Information:
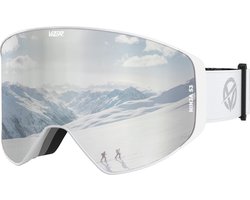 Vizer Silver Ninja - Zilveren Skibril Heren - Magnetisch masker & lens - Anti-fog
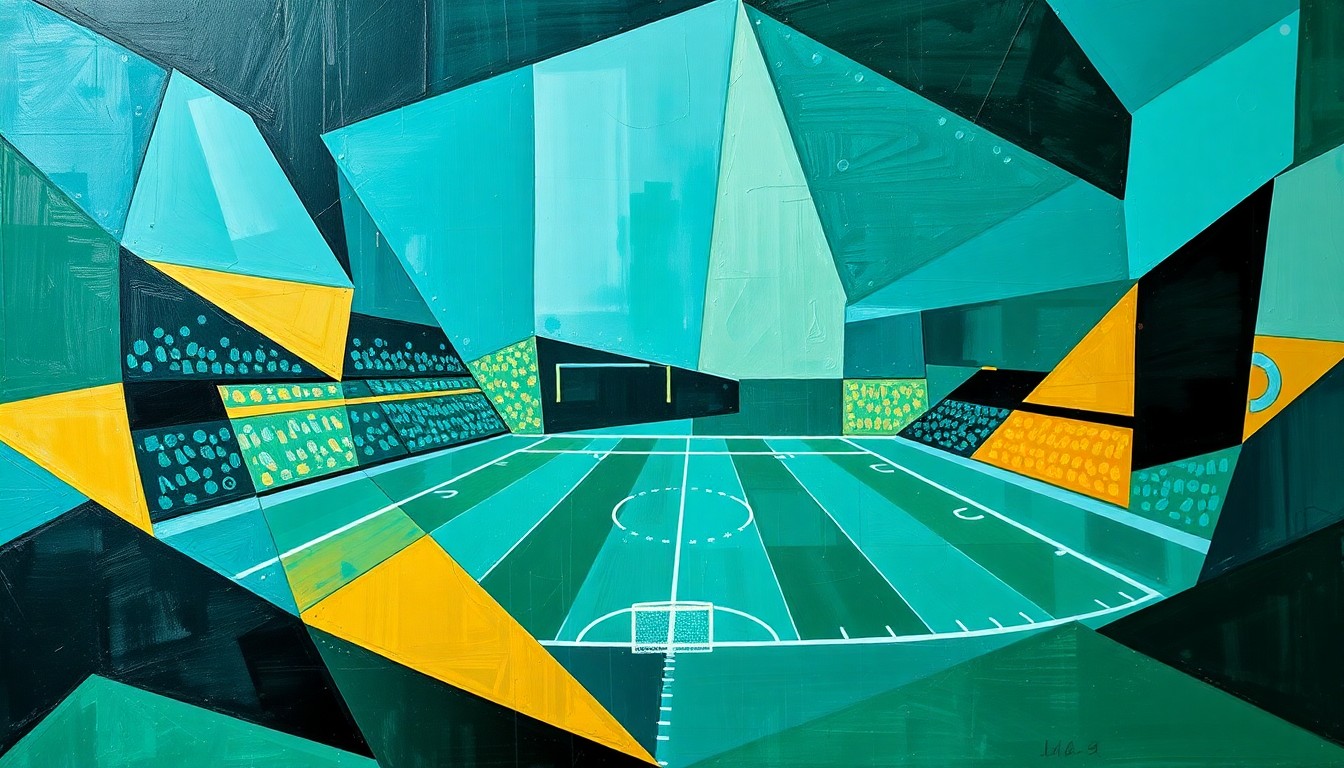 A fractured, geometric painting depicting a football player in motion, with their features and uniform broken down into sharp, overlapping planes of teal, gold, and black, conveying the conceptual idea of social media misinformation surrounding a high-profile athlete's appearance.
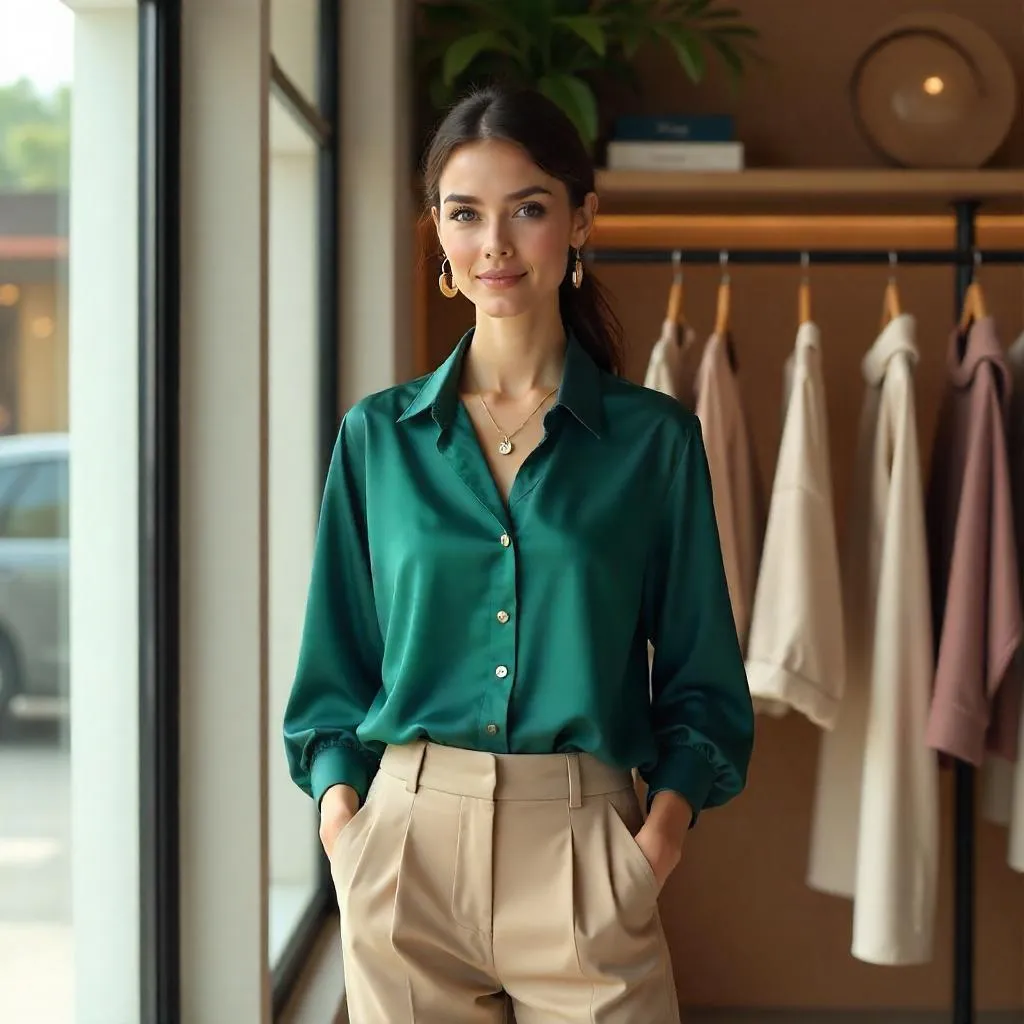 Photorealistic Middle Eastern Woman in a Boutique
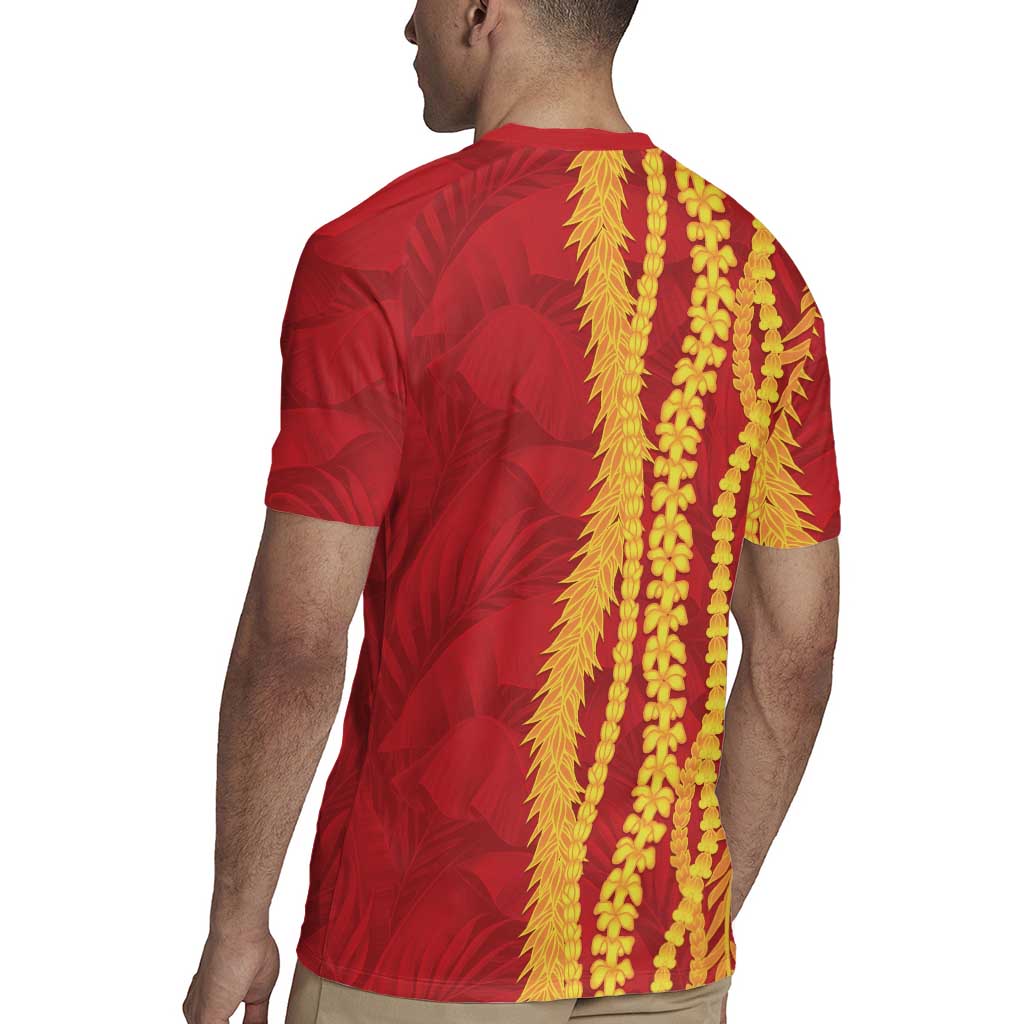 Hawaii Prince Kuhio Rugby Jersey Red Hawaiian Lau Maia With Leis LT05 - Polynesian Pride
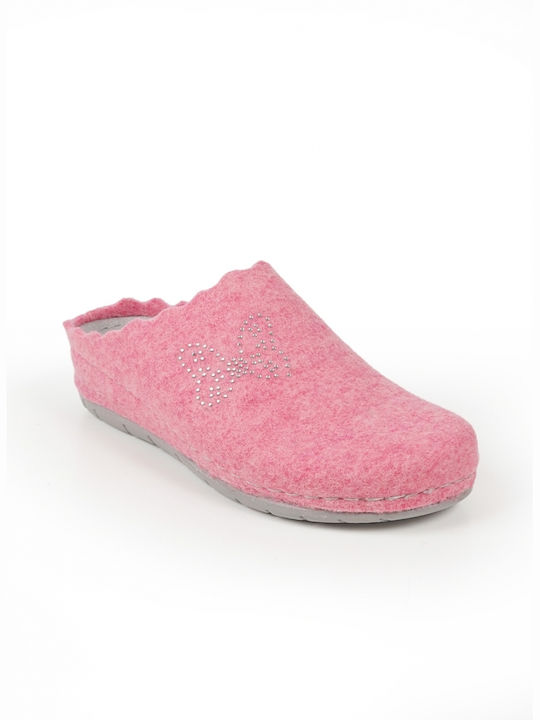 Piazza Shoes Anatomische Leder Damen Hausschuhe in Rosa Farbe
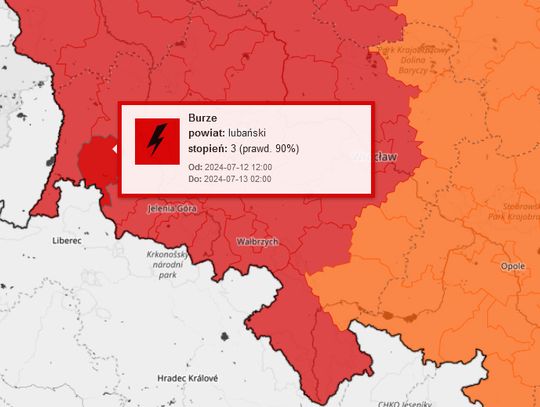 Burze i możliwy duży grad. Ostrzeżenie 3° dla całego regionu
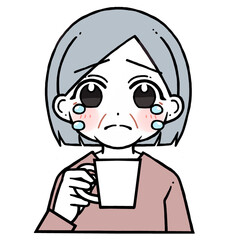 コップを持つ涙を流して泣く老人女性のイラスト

Task prompt:
Make a verbatim copy of all the entries and strip out the pictures.

Worked solution:
 Vizer Silver Ninja - Zilveren Skibril Heren - Magnetisch masker & lens - Anti-fog
 A fractured, geometric painting depicting a football player in motion, with their features and uniform broken down into sharp, overlapping planes of teal, gold, and black, conveying the conceptual idea of social media misinformation surrounding a high-profile athlete's appearance.
 Photorealistic Middle Eastern Woman in a Boutique
 Hawaii Prince Kuhio Rugby Jersey Red Hawaiian Lau Maia With Leis LT05 - Polynesian Pride
 Piazza Shoes Anatomische Leder Damen Hausschuhe in Rosa Farbe
 Burze i możliwy duży grad. Ostrzeżenie 3° dla całego regionu
 コップを持つ涙を流して泣く老人女性のイラスト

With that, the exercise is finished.